Strings inside a payload are encoded as a `u16` little-endian byte length
followed by the UTF-8 bytes (so any single string is at most 64 KiB).

> **No per-record checksum.** Replay detects corruptions via a CRC32 footer on each record. Old-format
> files (magic `MCPMEMV1`) are replayed without CRC check; new files use magic
> `MCPMEMV2`.

`compact` rewrites the log to contain only the minimal `CreateEntity` /
`CreateRelation` records needed to reconstruct the current state.

**Transactions.** Multi-record operations (currently `merge_entities`) wrap
their records in a `TxnBegin` … `TxnCommit` pair.
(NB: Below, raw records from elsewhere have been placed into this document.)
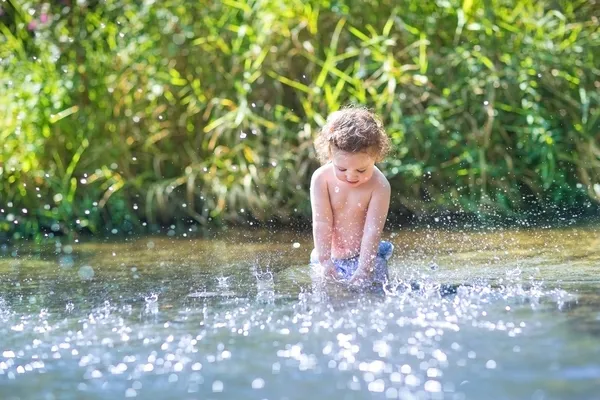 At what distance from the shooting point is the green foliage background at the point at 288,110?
6.70 meters

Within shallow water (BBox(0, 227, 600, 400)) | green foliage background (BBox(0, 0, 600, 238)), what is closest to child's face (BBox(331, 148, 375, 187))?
shallow water (BBox(0, 227, 600, 400))

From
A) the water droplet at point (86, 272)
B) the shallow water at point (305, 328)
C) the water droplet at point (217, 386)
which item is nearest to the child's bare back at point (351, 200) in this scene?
the shallow water at point (305, 328)

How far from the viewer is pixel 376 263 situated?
4535mm

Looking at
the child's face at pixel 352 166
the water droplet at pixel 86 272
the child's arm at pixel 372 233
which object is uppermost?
A: the child's face at pixel 352 166

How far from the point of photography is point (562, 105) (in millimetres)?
6875

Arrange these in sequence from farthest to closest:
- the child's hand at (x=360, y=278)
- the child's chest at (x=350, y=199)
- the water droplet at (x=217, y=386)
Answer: the child's chest at (x=350, y=199) < the child's hand at (x=360, y=278) < the water droplet at (x=217, y=386)

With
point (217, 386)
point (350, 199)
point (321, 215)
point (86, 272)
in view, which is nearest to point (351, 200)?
point (350, 199)

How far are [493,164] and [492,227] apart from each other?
779 millimetres

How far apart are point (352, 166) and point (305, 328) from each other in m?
1.19

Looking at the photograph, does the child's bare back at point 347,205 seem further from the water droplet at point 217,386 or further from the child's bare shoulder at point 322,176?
the water droplet at point 217,386

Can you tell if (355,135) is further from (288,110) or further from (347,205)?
(288,110)

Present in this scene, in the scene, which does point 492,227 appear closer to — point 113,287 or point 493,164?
point 493,164

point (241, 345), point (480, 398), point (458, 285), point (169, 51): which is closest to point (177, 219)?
point (169, 51)

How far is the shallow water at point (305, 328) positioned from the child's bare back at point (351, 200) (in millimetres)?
169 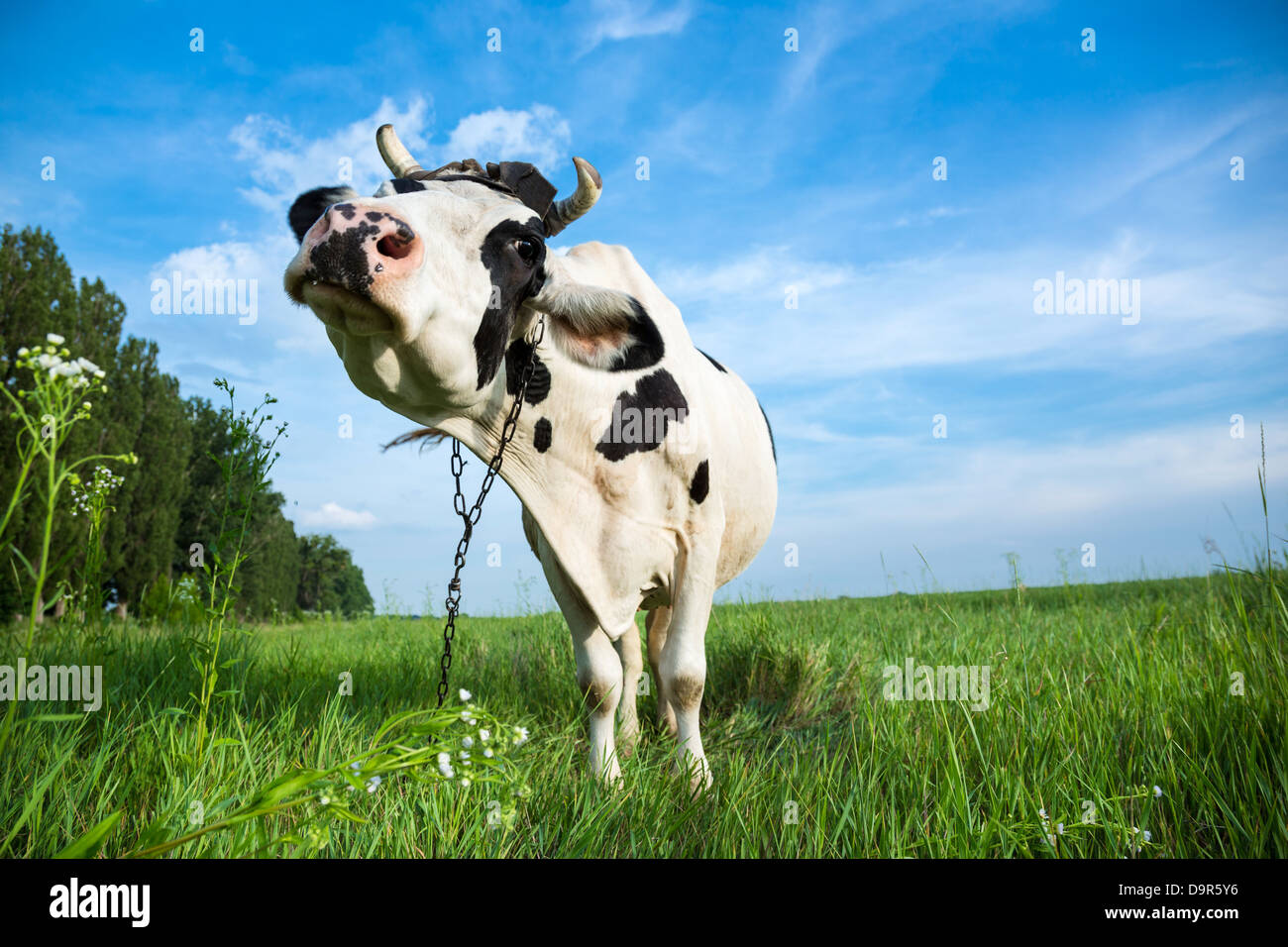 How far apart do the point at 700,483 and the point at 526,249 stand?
154 centimetres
On replay, records inside a
transaction are buffered and applied only when the commit is seen; an unclosed
transaction (the process crashed mid-operation) is discarded wholesale, so the
graph can never observe a half-applied merge.

## Development

```sh
cargo test                           # unit + integration + fuzzy
cargo clippy --all-targets
cargo build --release                # LTO + fat + panic=abort
cargo bench                          # criterion benchmarks
```

The test suite includes:
- **Unit tests** — intern, search (incl. prefix-vs-substring behavior), protocol,
  store encode/decode, tools, server dispatch
- **Integration tests** — CRUD, persistence roundtrip, WAL-ordering and stale-temp
  compaction regressions, transactional `merge_entities` crash-atomicity, search, paths,
  export, concurrency, RwLock proofs, and all 24 tool handlers
- **Fuzzy tests** — randomized CRUD sequences asserting graph invariants,
  Unicode/large-string stress, and concurrent mutation consistency

## License

Licensed under the [Apache License, Version 2.0](LICENSE).